Happy Holidays, DCat. My wife & I are on the US road (Detroit, her family; Syracuse, mine) then off to Germany for beer and wurst...
Prost!
--Matt
Matt --
Goldberg's sin is one of the right, but of the left as well. It's sloppy ad hominem couched in the bare minimum of "research" to pursue polemic rather than any attempt at understanding. But this is such an extreme case it really will be hard for me ever to take Goldberg seriously again.

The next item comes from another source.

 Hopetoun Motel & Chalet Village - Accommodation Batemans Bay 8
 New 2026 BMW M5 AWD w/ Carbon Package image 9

Safe travels and happy holidays. We'll mostly be shuttling between Odessa and San Antonio with a foray to Washington, DC in January.
dcat
Fucktardery? Nice.
it's pretty amazing that he thought he would take you to task with his recommendation to read the book that you had worked as a research assistant on.
enjoy the holidays!
MUL --
I think that exchange hits at the problem when most journalists write history -- they don't know what they don't know. So too often they give a cursory reading of only a small sample of the historical literature and think they've covered their bases. Most people simply have no clue what it means to begin to get a handle on historiography. That's why so many people think a PhD is just an advanced MA -- they just have no clue. Obviously I think an MA in history can be a fine and worthwhile endeavor, but even the finest MA's don't even begin to approach the depth and rigor of even a marginal PhD.

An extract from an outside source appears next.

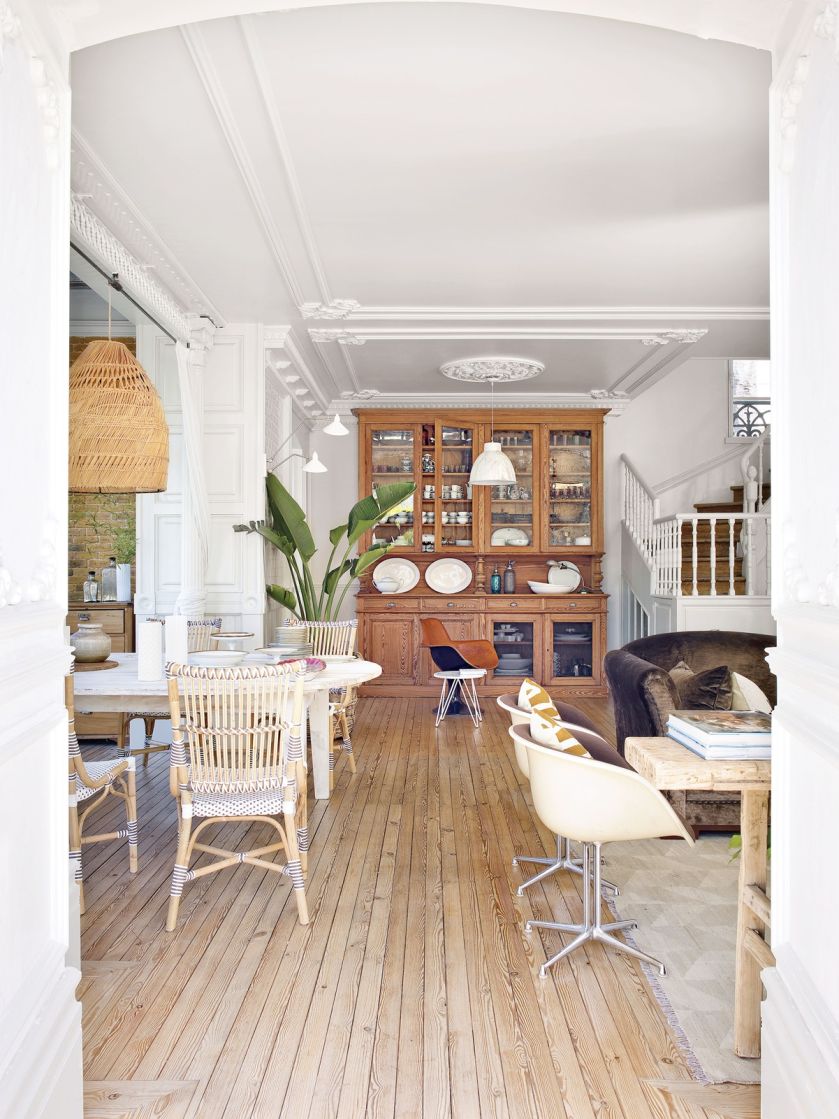 Ta hinduska willa pamięta niejedną metamorfozę: bywała restauracją, hodowano w niej szynszyle, później popadła w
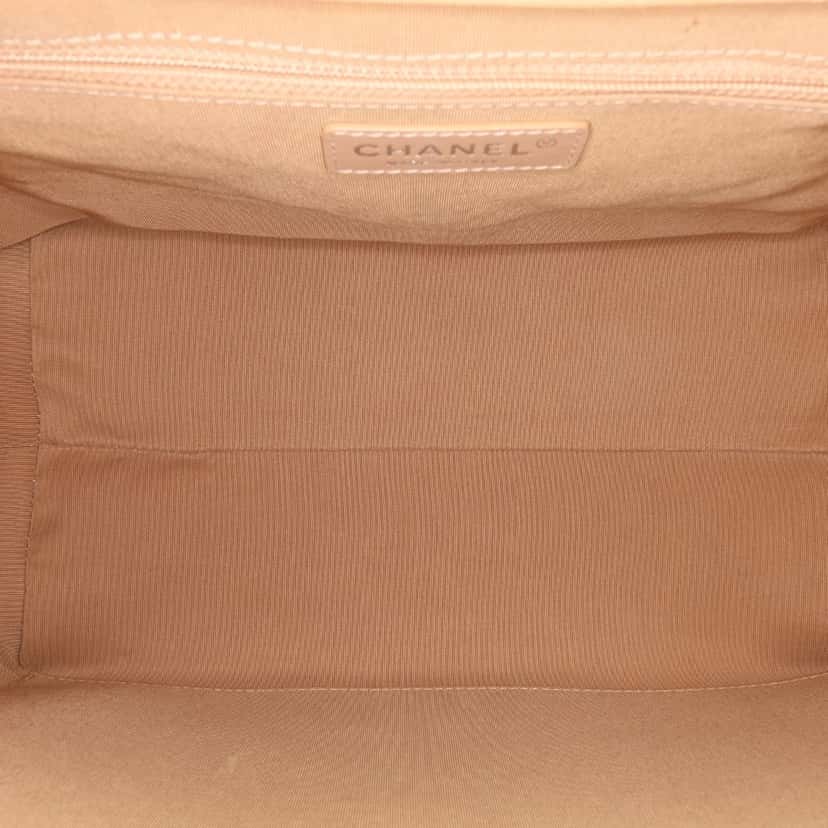 Chanel Small Quilted Calfskin Easy Shopping Tote Brown Leather Good condition - Model View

So to the case at hand, Goldberg tried to flex his historical reading to a historian. Suffice it to say, that reading was not especially impressive. And he chose a pretty bad book to use as his focus, because it is a book in which my name appears in the acknowledgments.
I REALLY hope I'm given an opportunity to review this book, let's just say that.
Ho Ho Ho --
dcat
Not knowing what one doesn't know? Goldberg should take Rumsfeld's found poetry on the unknown unknowns to heart. Only, Rumsfeld was probably talking in broader and more humanistic terms than the specificity with which Goldberg's individual case of ignorance could be applied. And he can't stand that.

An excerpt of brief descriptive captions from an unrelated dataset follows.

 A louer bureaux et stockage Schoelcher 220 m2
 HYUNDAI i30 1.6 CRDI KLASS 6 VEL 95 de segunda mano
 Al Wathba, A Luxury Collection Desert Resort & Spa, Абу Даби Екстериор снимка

But I'm back to a YouTube discussion on whether or not John Stossel was being ignorant in claiming that Greenland was named for reasons other than misleading propaganda on the part of Erik the Red. Those conservatives sure like to apply the "unknown unknown" standard to matters of science and climatology. But not to what a viking implied in claiming a settlement that would soon die out from starvation and an inability to contend with the elements. Oh, my debate opponent is sure on that one. Which is a funny standard of selective application, I'd say.
The funny thing is that I'm sure we're all guilty at times of not knowing what we don't know. But I'd like to think that in those situations I try to approach it with less righteous certitude than some folks do. They say a little knowledge is a dangerous thing. of that i've come to have no doubt.
dcat
mr. miyagi had no doubt about that either: "squash like grape!" (if you know karate 'so-so'...)
i'd like to think i could identify those situations in myself too. defining a good place to set aside for intellectual humility is always an interesting exercise.
I like what was observed about that in The Metaphysical Club, specifically conceptualized as certainty breeding violence...
One need look no further than the debate over the Iraq War to see the way certainty operates. in the leadup to the war a friend of mine, who had worked in the NSC and was at State said that anyone who was absolutely certain that either we should or that we should not go to war did not know what they were talking about. I incorporated that idea into my own formulation of ideas about the war, what we should do, what we should not, why and when.
I think it's ok to be certain. But the less one knows, the more one ought to be wary of certainty.